Your task:
Show every line of the records below that contains the word "Cláusula".

[Recorded data]

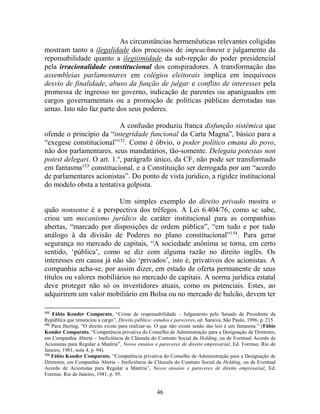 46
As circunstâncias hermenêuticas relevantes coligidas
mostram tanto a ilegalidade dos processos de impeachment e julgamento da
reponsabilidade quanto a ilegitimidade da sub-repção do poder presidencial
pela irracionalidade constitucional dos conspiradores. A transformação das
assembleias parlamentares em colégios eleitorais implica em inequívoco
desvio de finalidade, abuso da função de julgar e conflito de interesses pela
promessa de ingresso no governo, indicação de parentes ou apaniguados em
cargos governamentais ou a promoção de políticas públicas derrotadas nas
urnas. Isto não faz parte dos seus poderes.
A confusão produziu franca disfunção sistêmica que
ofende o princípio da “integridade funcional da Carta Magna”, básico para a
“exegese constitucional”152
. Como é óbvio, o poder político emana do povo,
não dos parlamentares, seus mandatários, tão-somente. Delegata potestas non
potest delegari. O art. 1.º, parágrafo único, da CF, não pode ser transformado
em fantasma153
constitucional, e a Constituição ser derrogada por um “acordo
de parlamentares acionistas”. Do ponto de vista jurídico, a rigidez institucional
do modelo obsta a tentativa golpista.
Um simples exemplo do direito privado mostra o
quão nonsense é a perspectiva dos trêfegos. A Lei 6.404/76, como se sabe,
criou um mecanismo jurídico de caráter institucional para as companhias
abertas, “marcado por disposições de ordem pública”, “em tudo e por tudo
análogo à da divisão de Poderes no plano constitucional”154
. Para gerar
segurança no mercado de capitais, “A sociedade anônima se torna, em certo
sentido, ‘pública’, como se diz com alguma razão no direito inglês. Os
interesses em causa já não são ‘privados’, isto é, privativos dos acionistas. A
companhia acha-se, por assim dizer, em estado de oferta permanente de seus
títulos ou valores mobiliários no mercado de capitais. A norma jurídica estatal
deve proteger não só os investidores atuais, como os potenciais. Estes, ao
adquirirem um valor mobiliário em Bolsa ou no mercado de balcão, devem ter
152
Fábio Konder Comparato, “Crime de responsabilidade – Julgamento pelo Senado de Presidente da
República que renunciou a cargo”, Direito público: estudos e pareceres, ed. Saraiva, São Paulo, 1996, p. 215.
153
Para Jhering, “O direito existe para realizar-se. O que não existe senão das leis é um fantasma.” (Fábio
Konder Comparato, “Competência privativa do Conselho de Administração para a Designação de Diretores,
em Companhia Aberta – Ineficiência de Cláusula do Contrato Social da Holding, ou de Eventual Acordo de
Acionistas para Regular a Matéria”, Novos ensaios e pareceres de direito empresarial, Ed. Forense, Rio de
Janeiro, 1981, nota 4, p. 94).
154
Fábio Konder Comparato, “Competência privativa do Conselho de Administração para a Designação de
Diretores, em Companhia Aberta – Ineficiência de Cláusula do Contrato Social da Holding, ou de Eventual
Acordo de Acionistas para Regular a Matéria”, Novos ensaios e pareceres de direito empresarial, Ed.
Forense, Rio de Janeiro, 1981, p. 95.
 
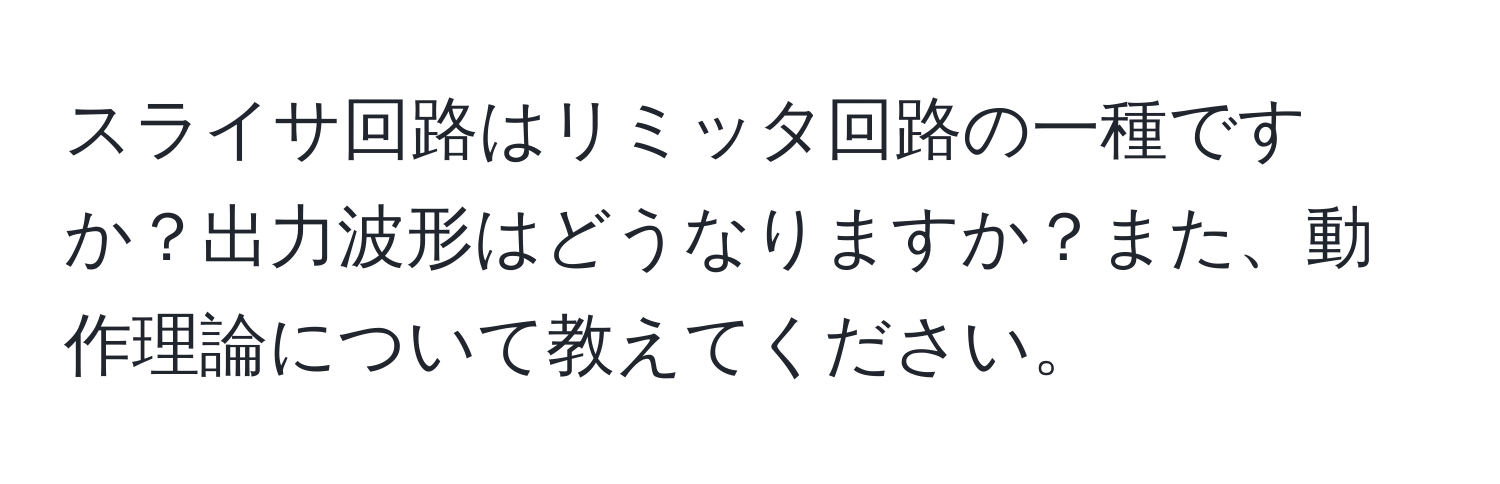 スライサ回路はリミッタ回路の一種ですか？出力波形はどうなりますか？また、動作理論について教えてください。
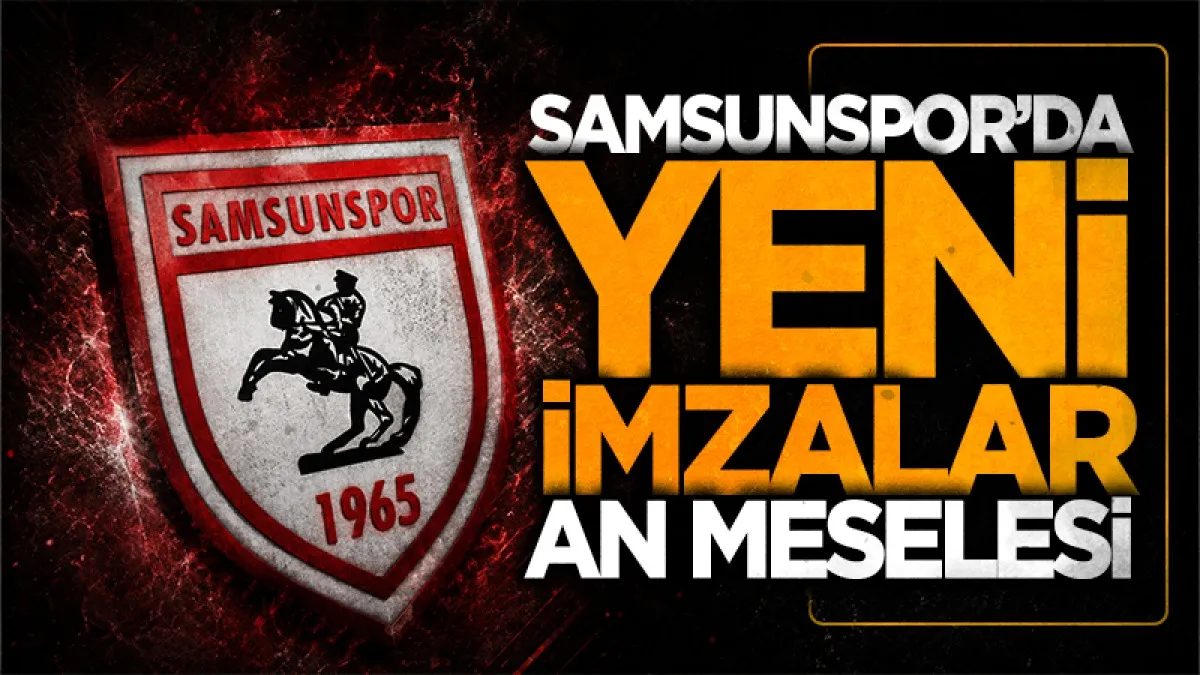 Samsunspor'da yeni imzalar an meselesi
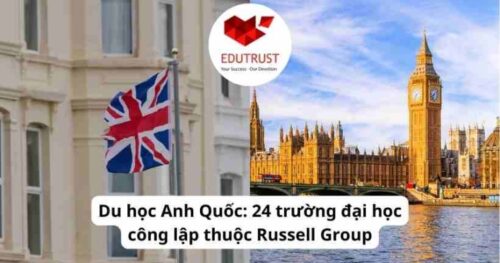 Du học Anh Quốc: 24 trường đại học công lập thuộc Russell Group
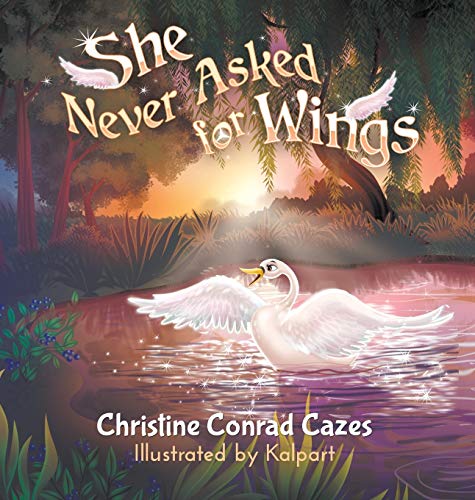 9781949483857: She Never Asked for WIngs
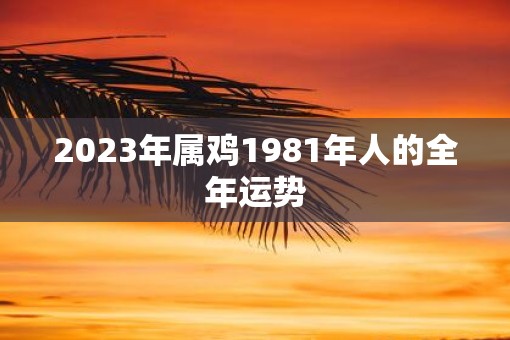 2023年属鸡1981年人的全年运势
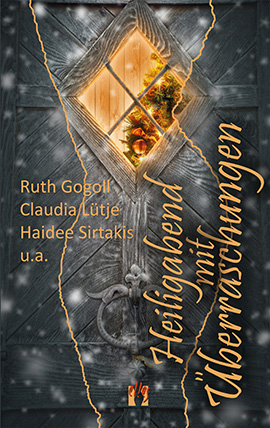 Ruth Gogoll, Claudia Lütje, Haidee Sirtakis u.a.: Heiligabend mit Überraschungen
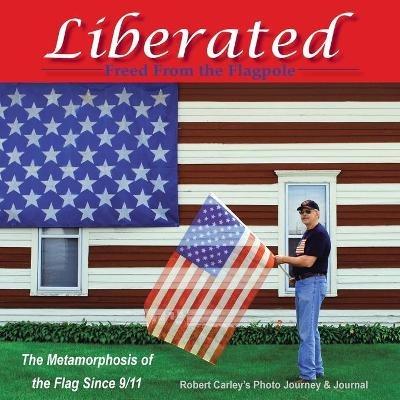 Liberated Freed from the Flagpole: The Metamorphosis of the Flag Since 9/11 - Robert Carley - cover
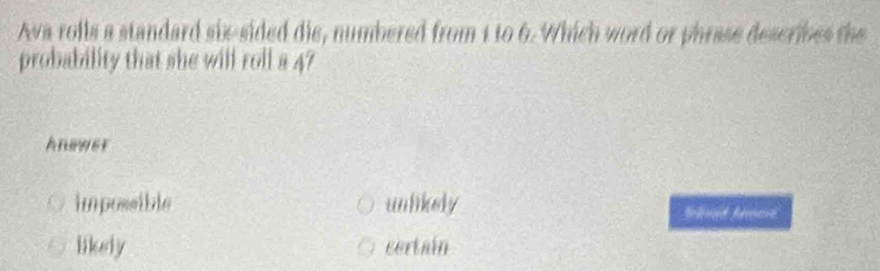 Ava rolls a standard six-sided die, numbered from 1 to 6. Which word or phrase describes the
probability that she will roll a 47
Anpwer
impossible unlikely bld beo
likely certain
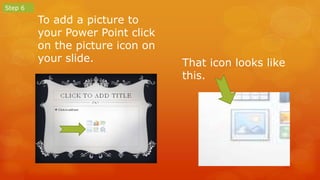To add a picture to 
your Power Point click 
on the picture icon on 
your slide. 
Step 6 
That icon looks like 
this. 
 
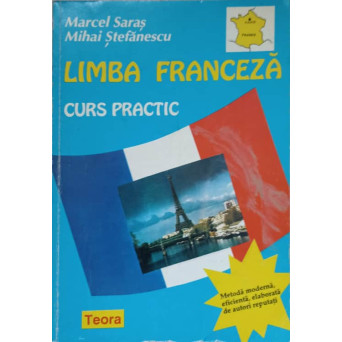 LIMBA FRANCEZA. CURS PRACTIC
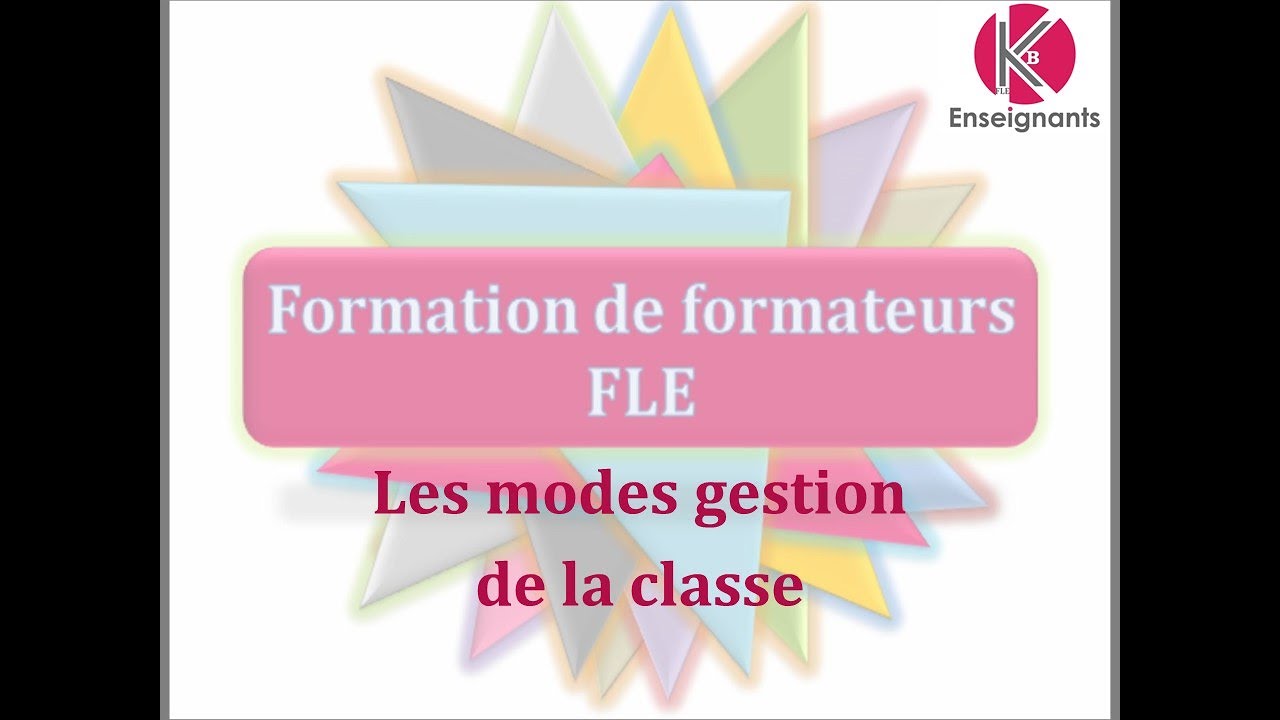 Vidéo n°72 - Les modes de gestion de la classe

Answer to the exercise:
em Companhia Aberta – Ineficiência de Cláusula do Contrato Social da Holding, ou de Eventual Acordo de
Diretores, em Companhia Aberta – Ineficiência de Cláusula do Contrato Social da Holding, ou de Eventual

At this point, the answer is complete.